The specific comparison method is as follows: if the weight value of the current paragraph node is less than that of the last node of the document heading tree, the paragraph level of the current paragraph is higher than that of the last node. Then, a parent node of the last node is taken as a new last node, to continue comparison between the weight value of the parent node of the last node and the weight value of the current paragraph node, and so on, until the weight value of the last node is less than that of the current paragraph node. According to a comparison result, the current paragraph node is merged into the document heading tree.
FIG. 6 is a schematic diagram of document heading tree merging in a method for constructing a document heading tree according to an embodiment of the present disclosure. As illustrated in FIG. 6, in the current heading tree, “ROOT:0” represents a root node; “NODE1:1” means that a weight value of a node NODE1 is 1; “NODE3:1” means that a weight value of a node NODE3 is 1; “NODE2:100” means that a weight value of a node NODE2 is 100; “NODE4:100” means that a weight value of a node NODE4 is 100. Assuming that a weight value of a paragraph node NODE5 that needs to be merged at present is 3, and a last node merged into the document heading tree before NODE5 is NODE4, then firstly, the weight value of the last node NODE4 of the document heading tree is compared with that of NODE5; since the weight value 100 of NODE4 is greater than the weight value 3 of NODE5, the weight value of the parent node NODE3 of NODE4 is compared with that of NODE5. Because the weight value of NODE3 is less than that of NODE5, the comparison ends, and NODE5 is merged into the tree, i.e., the parent node of NODE5 points to NODE3, and NODE3 is added with a child node NODE5.
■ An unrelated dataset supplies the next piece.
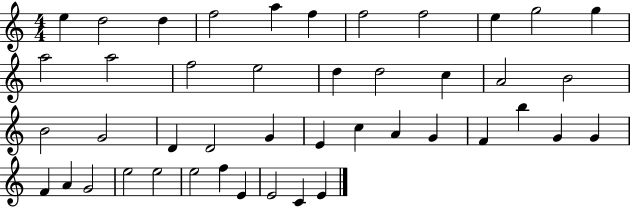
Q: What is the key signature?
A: C major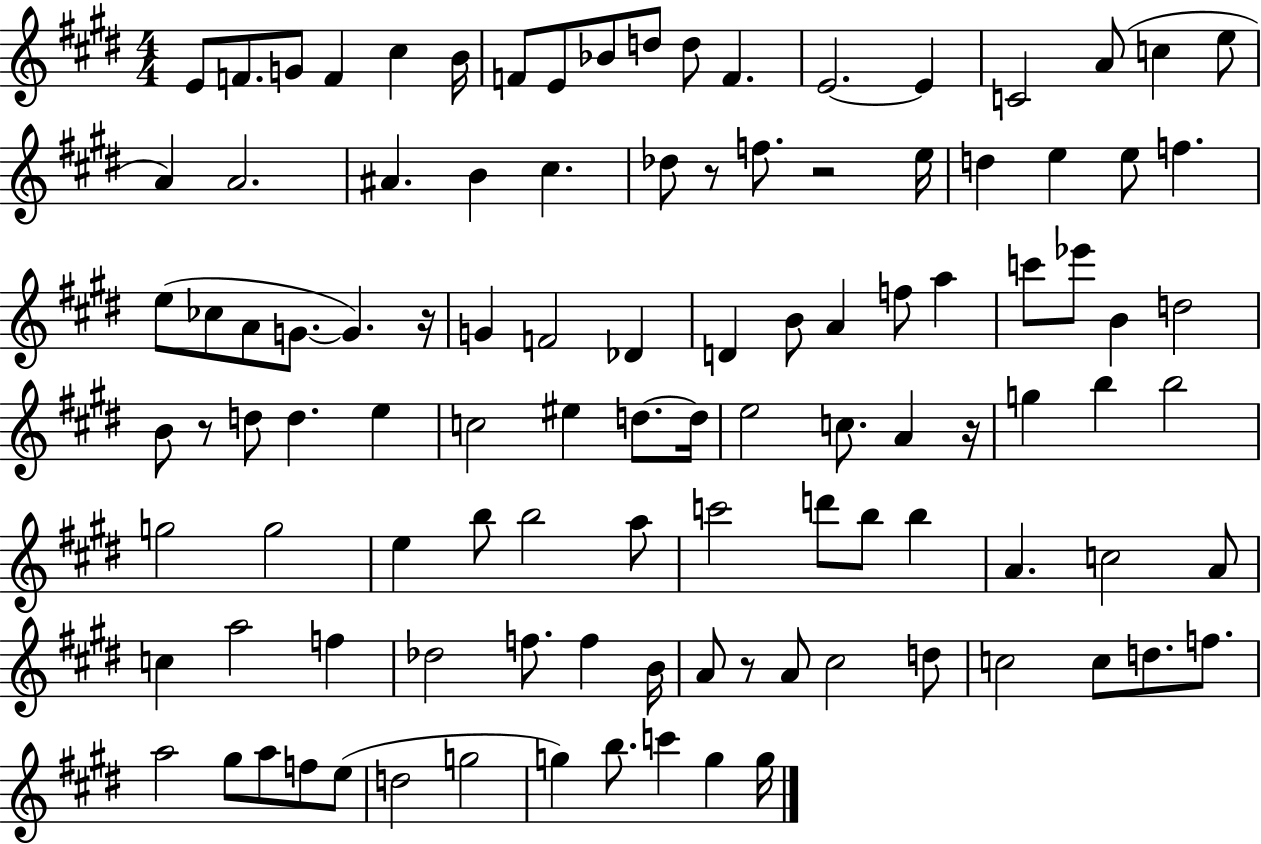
E4/e F4/e. G4/e F4/q C#5/q B4/s F4/e E4/e Bb4/e D5/e D5/e F4/q. E4/h. E4/q C4/h A4/e C5/q E5/e A4/q A4/h. A#4/q. B4/q C#5/q. Db5/e R/e F5/e. R/h E5/s D5/q E5/q E5/e F5/q. E5/e CES5/e A4/e G4/e. G4/q. R/s G4/q F4/h Db4/q D4/q B4/e A4/q F5/e A5/q C6/e Eb6/e B4/q D5/h B4/e R/e D5/e D5/q. E5/q C5/h EIS5/q D5/e. D5/s E5/h C5/e. A4/q R/s G5/q B5/q B5/h G5/h G5/h E5/q B5/e B5/h A5/e C6/h D6/e B5/e B5/q A4/q. C5/h A4/e C5/q A5/h F5/q Db5/h F5/e. F5/q B4/s A4/e R/e A4/e C#5/h D5/e C5/h C5/e D5/e. F5/e. A5/h G#5/e A5/e F5/e E5/e D5/h G5/h G5/q B5/e. C6/q G5/q G5/s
4) It is determined whether all paragraphs in the document paragraph set have been merged, and if so, the program ends, otherwise, steps 2) and 3) are repeated.
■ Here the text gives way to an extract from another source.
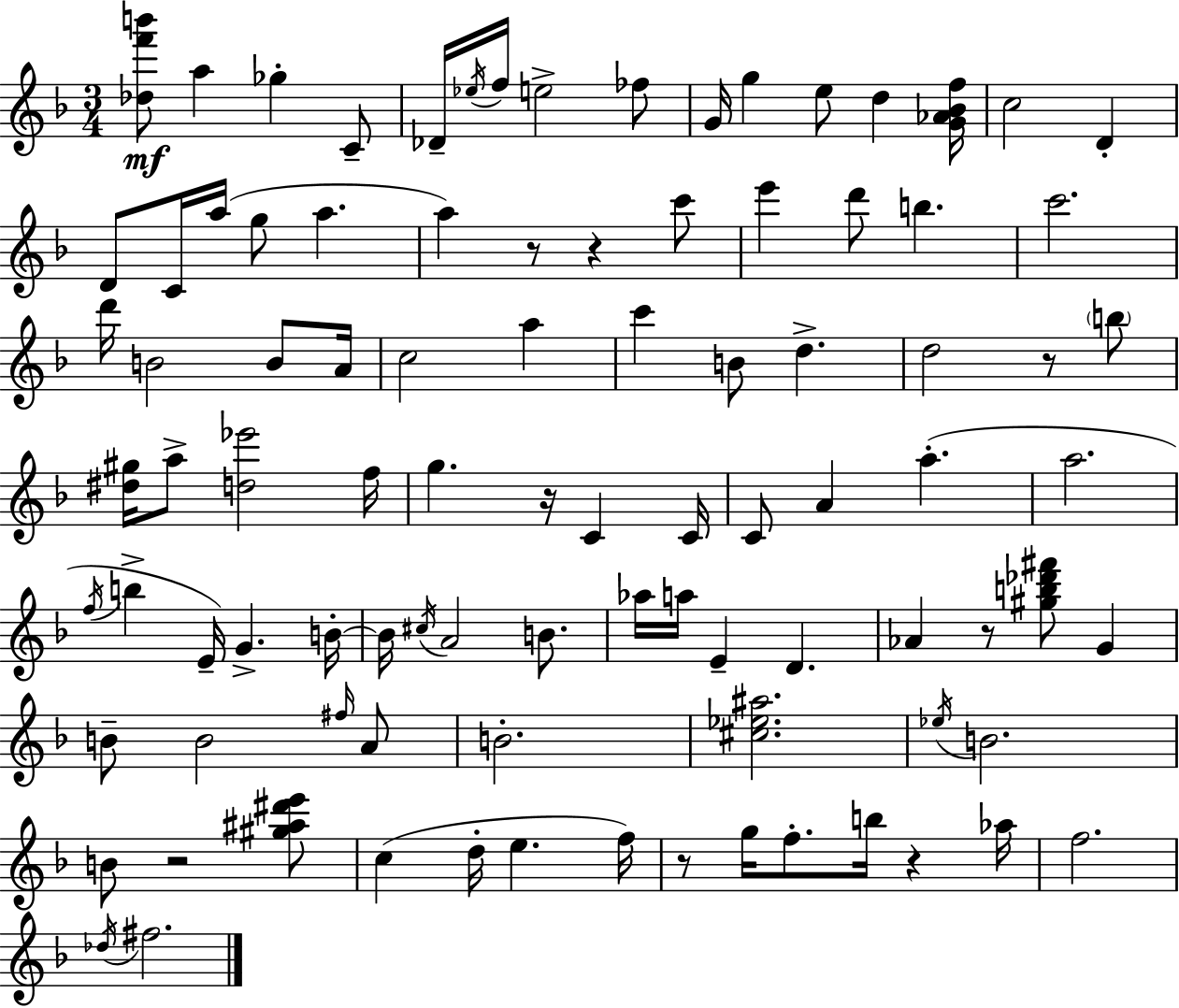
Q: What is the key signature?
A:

FIG. 7 is a flowchart of a method for constructing a document heading tree according to an embodiment of the present disclosure. As illustrated in FIG. 7, a word document to be processed is split into a paragraph set, and firstly, paragraph recognition is performed using the predefined rule-based rule matching method, wherein the rule matching includes heading format restriction, heading data matching and keyword matching. If the rule matching is failed, the paragraph recognition is performed in a model determination method. For example, an LTSM model may be specifically adopted to perform the paragraph recognition by learning the part-of-speech feature and the word vector feature. If the rule matching is successful, the paragraph content is merged into the document heading tree, and the specific steps may include creating a root node, node heading level comparison and associating a parent node. The construction of the document heading tree is completed in a case where all paragraphs of the paragraph set are merged. The specific method and implementation of the above process have been described as above, and will not be repeated here.
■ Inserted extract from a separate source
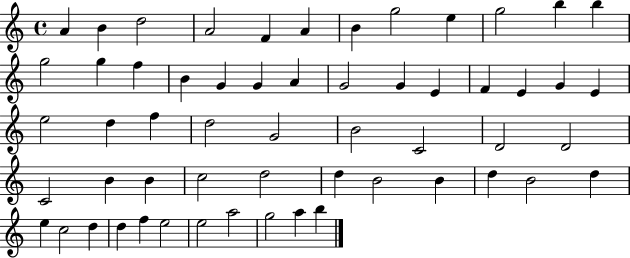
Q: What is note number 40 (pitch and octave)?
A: D5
FIG. 8 is a schematic diagram of an apparatus for constructing a document heading tree according to an embodiment of the present disclosure. As illustrated in FIG. 8, an apparatus for constructing a document heading tree according to an embodiment of the present disclosure includes:
a matching unit 100 configured to perform a rule matching between a text feature of each of paragraphs in a document to be processed and a paragraph feature in a predefined rule, according to the predefined rule;
a first determination unit 200 configured to determine a paragraph level of each of the paragraphs in the document to be processed according to a result of the rule matching, in a case where the rule matching is successful;
a second determination unit 300 configured to determine a paragraph level of each of the paragraphs in the document to be processed using a machine learning model, in a case where the rule matching is failed; and
a construction unit 400 configured to construct a document heading tree of the document to be processed based on the paragraph level of each of the paragraphs.
In one implementation, the machine learning model includes a long short-term memory network model; and the second determination unit 300 is configured to:
extract a word vector sequence feature and a part-of-speech sequence feature from a current paragraph;
input the word vector sequence feature and the part-of-speech sequence feature into the machine learning model; and
output, by the machine learning model, the paragraph level of each of the paragraphs in the document to be processed.
In one implementation, the paragraph feature in the predefined rule includes a document main body feature;
the first determination unit 200 is configured to determine a paragraph level of a current paragraph as a document main body, in a case where the current paragraph in the document to be processed is successfully matched with the document main body feature.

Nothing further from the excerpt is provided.